È logico quindi che ci sia un forte malessere di fronte alla “festa del denaro” cui solo pochi hanno partecipato. Ma la reazione di “indignazione morale” contro quella che alcuni chiamano “casta” non basta. Conviene cercare di comprendere le ragioni di fondo del caso. Siamo di fronte alla dissociazione tra economia finanziaria ed economia reale. Solo così si comprendono certe “allegrie”. Alcuni sono convinti che questo “divorzio” sia cominciato con la fine del sistema monetario di Bretton Woods, quando negli anni ‘70 il dollaro ha smesso di essere la moneta di riferimento.

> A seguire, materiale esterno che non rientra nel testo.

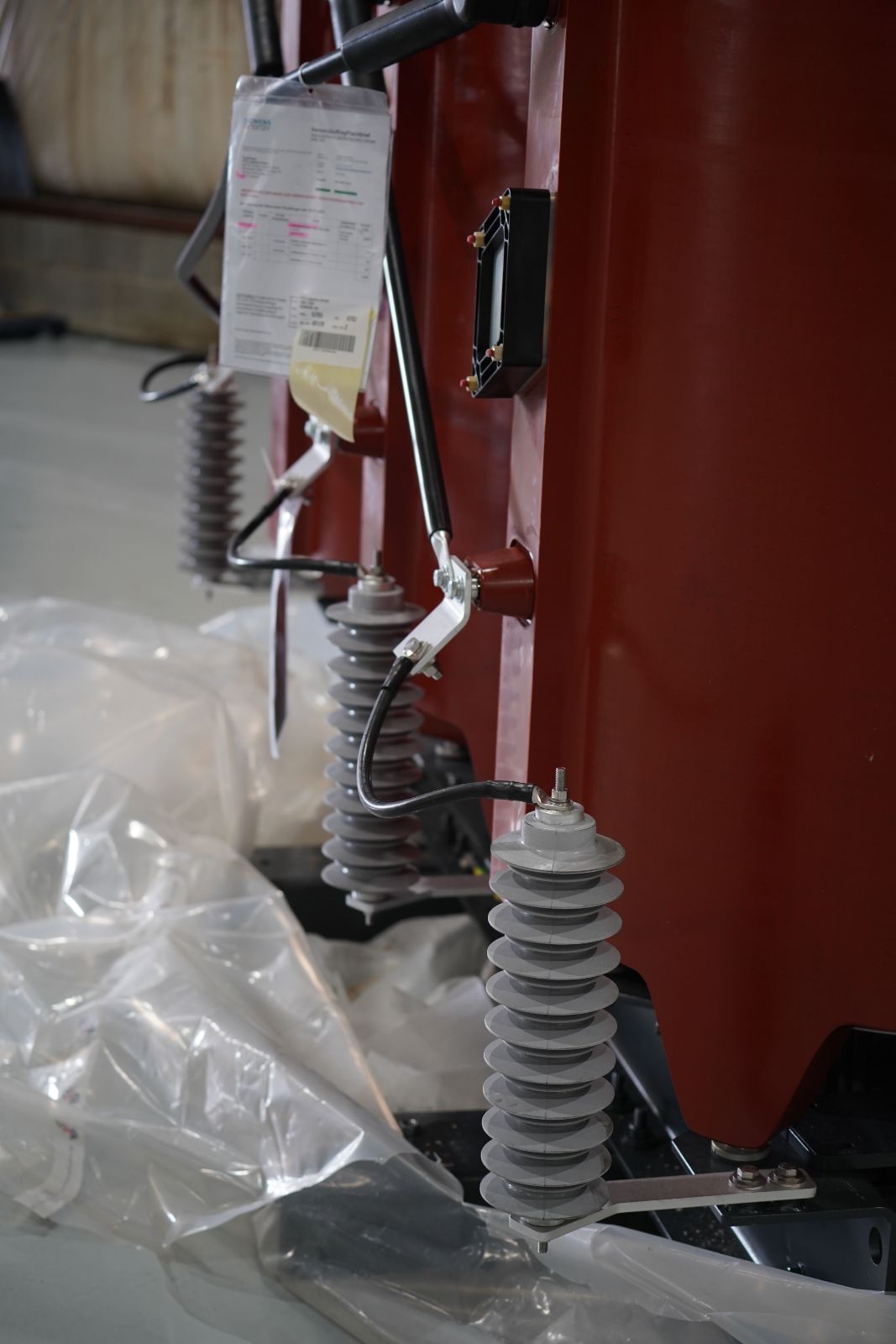 Polymer surge arresters mounted on a transformer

Negli anni ‘80 è quindi cominciata una globalizzazione fondamentalmente finanziaria. Con la caduta del Muro di Berlino, Clinton si è sentito legittimato ad avviare una deregolamentazione del sistema finanziario che ha creato un’industria bancaria sempre più speculativa. Le finanze, necessarie a superare i limiti del presente, si sono dedicate alla commercializzazione di un tempo svincolato dal sistema produttivo: il cancro ha rapidamente minato le banche di tutto il mondo.
Dopo lo scoppio della crisi, gli Stati Uniti hanno lavorato per risanare gli enti finanziari colpiti dalla sbornia del denaro. L’Europa è stata costruita dall’alto e ha una moneta comune, ma non un supervisore unico del sistema finanziario. Per questo il problema si è espando. Solo a partire dal prossimo novembre, con l’entrata in vigore dell’Unione bancaria, la Bce supervisionerà con gli stress test la solvenza di 120 banche.

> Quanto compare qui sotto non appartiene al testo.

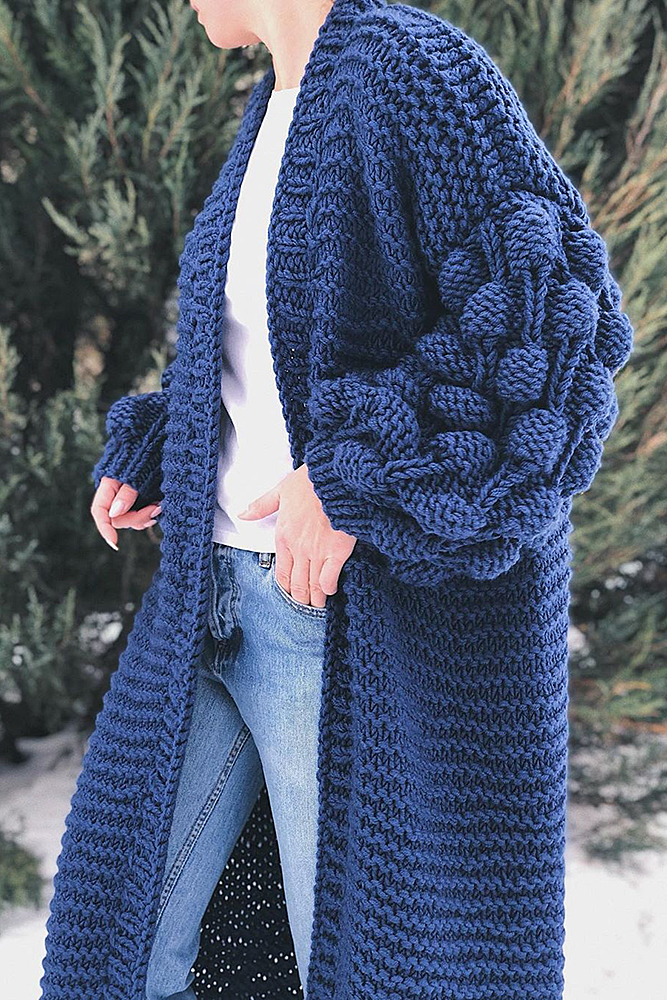 кардиган синий вязаный кардиган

Lo scandalo delle “carte nere” è venuto a galla perché alla Spagna, in cambio dei 40 miliardi ricevuti per le operazioni di salvataggio, è stata imposta la massima trasparenza da parte degli altri paesi europei. È quindi diventato evidente come le casse di risparmio, istituzioni nate dal basso grazie all’iniziativa della società, siano state “colonizzate” da partiti e sindacati. La supervisione e il controllo del denaro sono necessari perché l’orgia finanziaria possa terminare. Ma il problema di fondo, come spesso accade, è culturale.

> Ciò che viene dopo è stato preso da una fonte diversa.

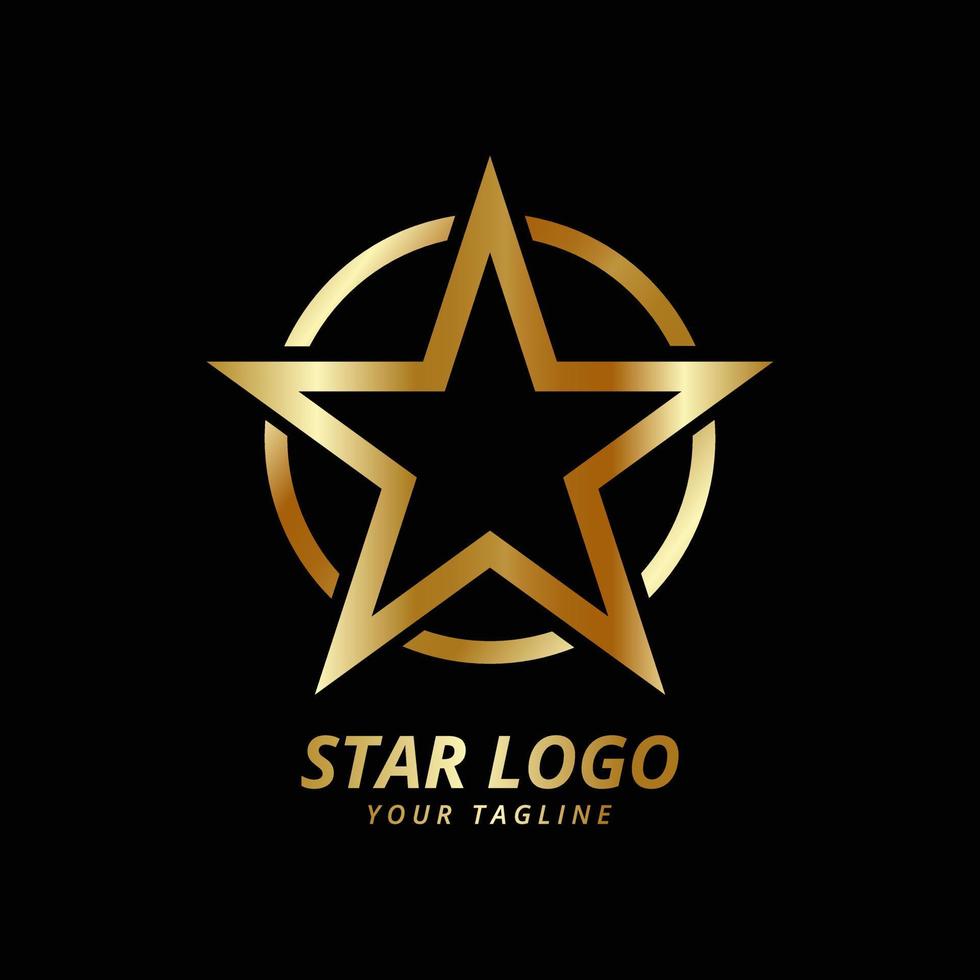 Gold star logo vector Illustration with black background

La concezione liberale dell’uomo, che ha un’immagine negativa dello stesso, sostiene che il mercato “purifica” gli interessi egoistici per trasformarli in guadagni per tutti. Questo pensiero, portato all’estremo, è ossessionato dalla massimizzazione del profitto, senza alcun legame con il futuro, con la creazione dell’impresa e con la ricchezza reale. La crescita che tanto vogliamo può arrivare solamente da una maggior liberalizzazione del mercato o da una regolazione dello stesso.
C’è anche un’altra concezione più realista, che tiene maggiormente in considerazione i fattori in gioco, che riconosce all’origine di tutta l’attività umana una gratuità ultima e che ritiene che tutti siamo in relazione. Si tratta di un approccio che migliora la capacità di intraprendere, di trasformare la realtà per creare ricchezza sostenibile. Sotto questo prisma le finanze smettono di essere fine a se stesse.
Ci si lamenta che la gente ruba. Ma, in questo contesto, insistere sull’etica non serve a molto e porta frustrazione. La coerenza morale è sempre impossibile. Solamente grazie a un’educazione e a un’esperienza in cui è presente un’altra forma più attrattiva di creare ricchezza si può superare la naturale inclinazione a partecipare alla festa del denaro che tanti danni ha provocato. La vera festa è quella della vita, del lavoro, di una ricchezza reale e condivisa.